From a Distance, Some Key Questions

My life is dramatically different from what it was when I arrived in Phnom Penh in July of 1993 as a relatively inexperienced 25-year-old with a mission to start producing a daily newspaper.

I live far away from Cambodia now, and I am intellectually and emotionally distant from the country as well.

While I retain a position on the masthead of this newspaper, I have nothing to do with its management or operation.

But despite all the time that has passed and all the changes I’ve gone through, my experiences in Cambodia and at the Daily have without question stayed with me.

My work at the newspaper, and the relationships I developed there, altered the way I look at life, and helped refine my view of myself and world around me. In short, The Cambodia Daily played an im­portant role in making me the person I am today.

But The Cambodia Daily wasn’t founded to change me, or the many others (expatriates and Cam­bodians) who have undoubtedly found their lives transformed to one extent or another by their ten­ure at the paper. It was, instead, founded to help change Cambodia.
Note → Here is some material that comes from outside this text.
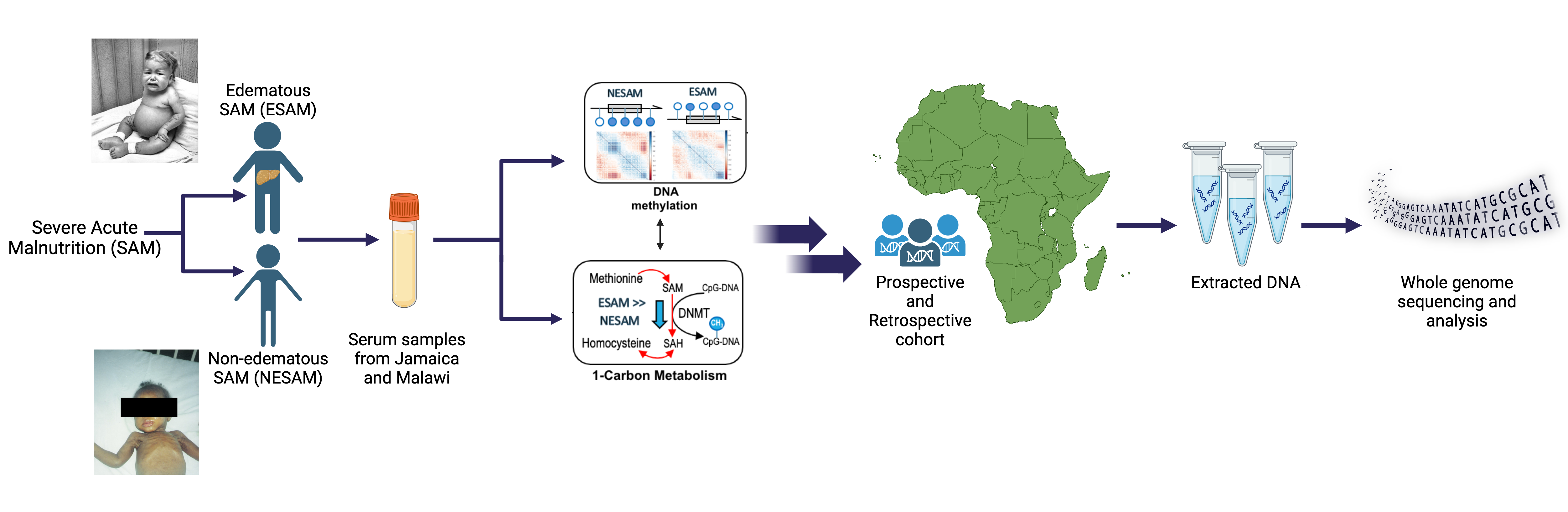 Figure depicts the process of using serum samples from children with malnutrition from Jamaica and Malawi and the discovery of dysregulated 1-carbon metabolite cycle and DNA hypomethylation in children with edematous severe acute malnutrition. On the right portion of the figure, it shows the flowchart of KwashNet, an international collaboration aimed to study the genetic etiology of severe acute malnutrition. Samples will be collected from a cohort and extracted DNA will be go through whole genome sequencing and analysis.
The founding principles of The Cambodia Daily were quite simple: Provide a reliable, consistent and unflinching daily news voice in Cambodia, and in the process, help to train a new generation of independent, fair and honest Cambodi­an journalists. I feel certain that these goals were achieved.
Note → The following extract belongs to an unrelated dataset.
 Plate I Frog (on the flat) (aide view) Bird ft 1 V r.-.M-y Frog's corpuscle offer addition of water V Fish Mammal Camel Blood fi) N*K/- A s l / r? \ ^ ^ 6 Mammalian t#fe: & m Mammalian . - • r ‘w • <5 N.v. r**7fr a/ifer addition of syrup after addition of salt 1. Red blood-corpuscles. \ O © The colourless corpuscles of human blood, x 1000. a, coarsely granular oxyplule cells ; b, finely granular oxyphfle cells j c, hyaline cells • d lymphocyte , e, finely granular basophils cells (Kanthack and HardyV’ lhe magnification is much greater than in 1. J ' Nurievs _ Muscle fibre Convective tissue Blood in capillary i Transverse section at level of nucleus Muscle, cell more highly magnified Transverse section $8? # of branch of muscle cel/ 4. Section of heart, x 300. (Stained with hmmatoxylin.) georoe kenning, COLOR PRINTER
The Daily has never failed to publish on a scheduled day, and, to my knowledge, has never compromised its journalistic integrity. As for training of journalists: Cambodi­an reporters and editors from the Daily have risen to become some of the best and most influential journalists in the country.

But, there was a larger purpose behind these objectives.

Shortly after the Daily started publishing, the monarchy was re-established, a new constitution was ratified, and a new government was sworn in. It was a very exciting, hopeful, and optimistic time. We at the Daily hoped that by helping to establish a free press we would contribute to the rebuilding of a peaceful, just and democratic Cam­bodian society.

I’m not in a position to assess whether the newspaper has ac­complished that mission. As mentioned, I no longer follow day-to-day developments in Cambodia as I did from 1993 to 1996.

It’s been a dozen years since I was editor of The Cambodia Daily, and more than five years since I visited the country. So rather than comment on the situation in Cam­bodia today, I’d like to ask those of you who know much more about the country than I—Cambodian citizens, students, business and government leaders, foreign correspondents, diplomats, and aid workers—to consider several questions posed below.

During the first few years that the Daily was in operation, several journalists were assassinated. I remember well covering the killing of Thun Bunly, a young newspaper editor shot down while riding his motorbike near Wat Phnom. The paper he edited was known for being extremely critical of certain government leaders. I remember attending his funeral, and thinking that perhaps some day, aided by a press that held those who ordered and carried out such killings ac­countable for their thuggish act­ions, journalists wouldn’t have to worry about being threatened or harmed for what they wrote or published. Has that day come to Cambodia?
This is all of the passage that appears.